With the primary campaign all over but the shouting, the latest Gallup poll shows just how much Mitt Romney has to make up for his party's having thrown its lot in with conservative religion. For while very religious voters support him by a 17-point margin, 54-37, the non-religious support President Obama by almost twice as much, 61-30. And those in the middle, the moderately religious, back the president by 14 points, 54-40. No wonder that the smart guys in the GOP are terrified of having social issues in the states get out in front of economic ones.
Interestingly, Obama has is doing no worse on the religion front since 2008. Then, he lost Protestants to John McCain 45-54; now he's down to Romney by just five points, 43-48. Then, he won Catholics by nine points, 54-45; now, he wins them over Romney by six points, 51-45. Very religious Catholics prefer Romney over Obama by just four points, 50-46. Evidently the Catholic bishops tub-thumping about an Obama "war on religion" seems to be swaying their most loyal customers not at all.
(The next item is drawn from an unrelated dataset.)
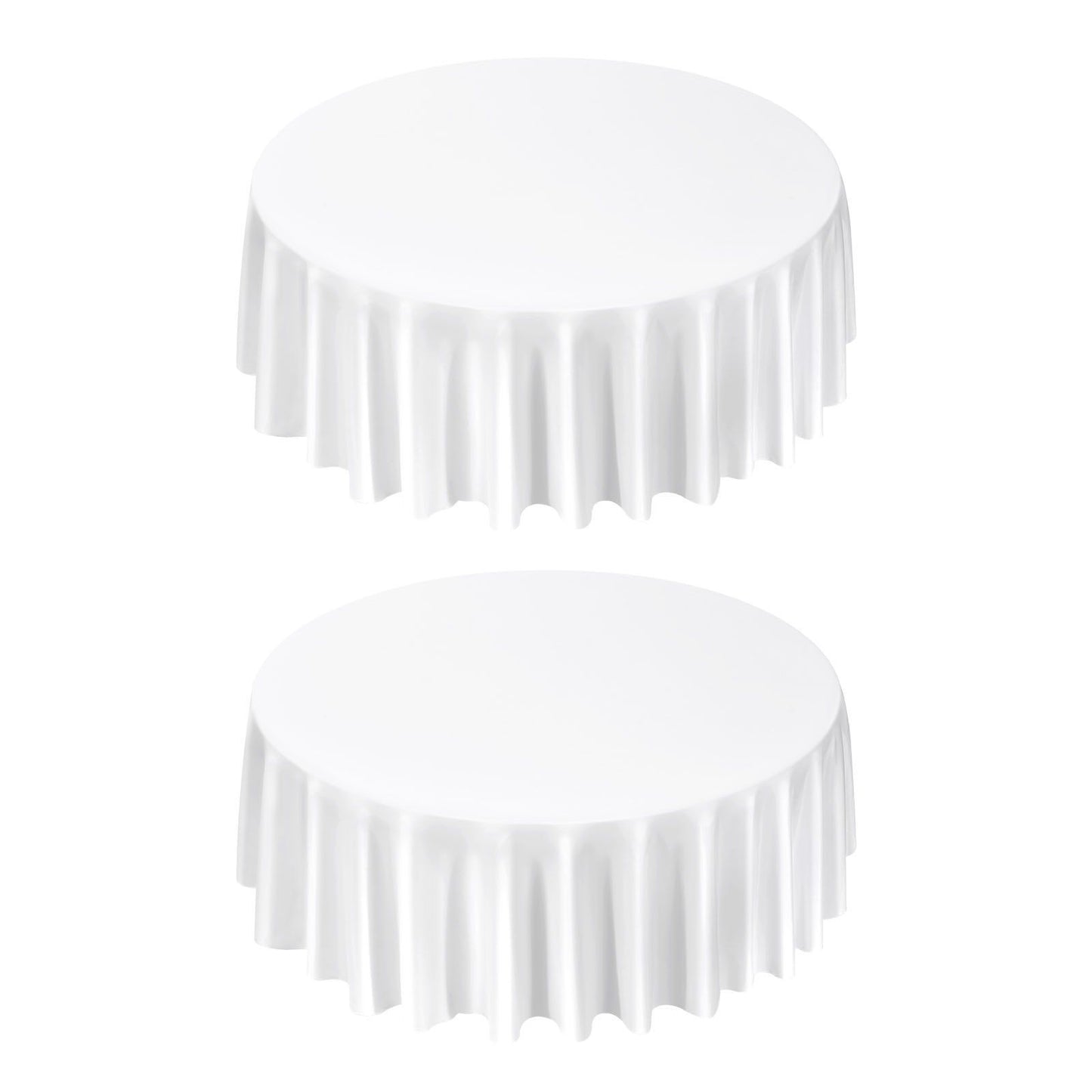 White Round Tablecloths 2 Pack, 120 Inches in Diameter, Stain- & Wrinkle- Resistant, Machine Washable Table V952-DLZB120YCBS2JJVKT001V0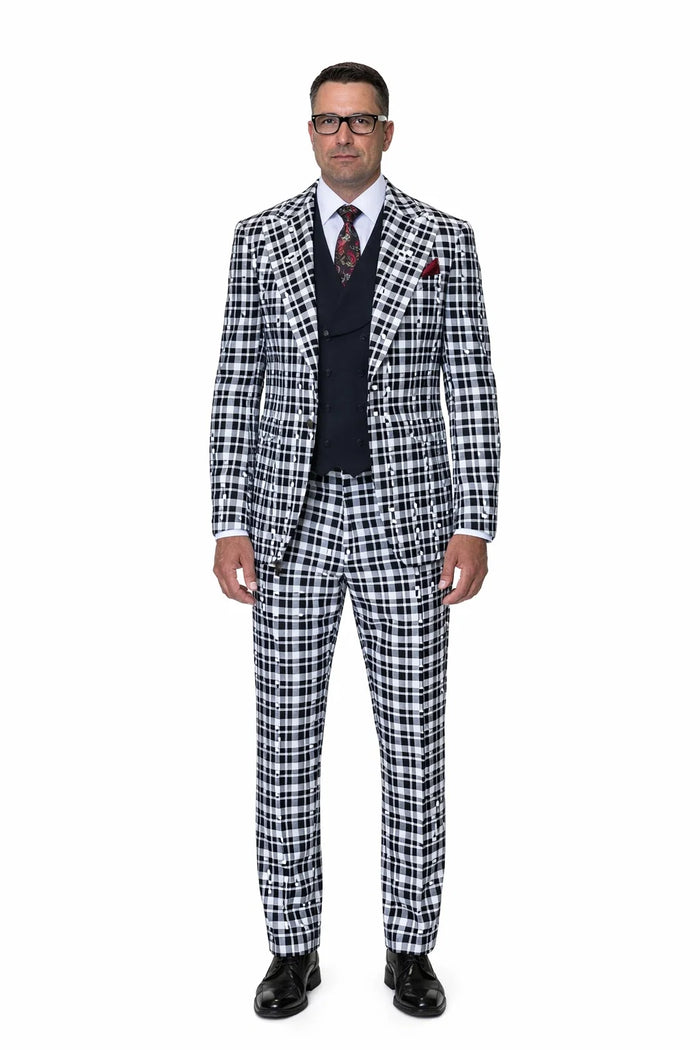 Statement Mens 3-Piece 100% Wool Fashion Suit Unique Checker Pattern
What of Romney's Evangelical Problem? Gallup suggests that he does indeed have one. For where the Mormon GOP Nominee Presumptive draws the same amount of Catholic support as McCain won (45 percent), his support among Protestants is six points less (48/54)--and 10 points less (64/74) among "very religious non-Hispanic white Protestants"--those Gallup considers equivalent to white evangelicals. Romney's problem, then, is that even as he seeks to move to the middle to garner some of the less religious, he's going to have to work hard to solidify his so-called evangelical base.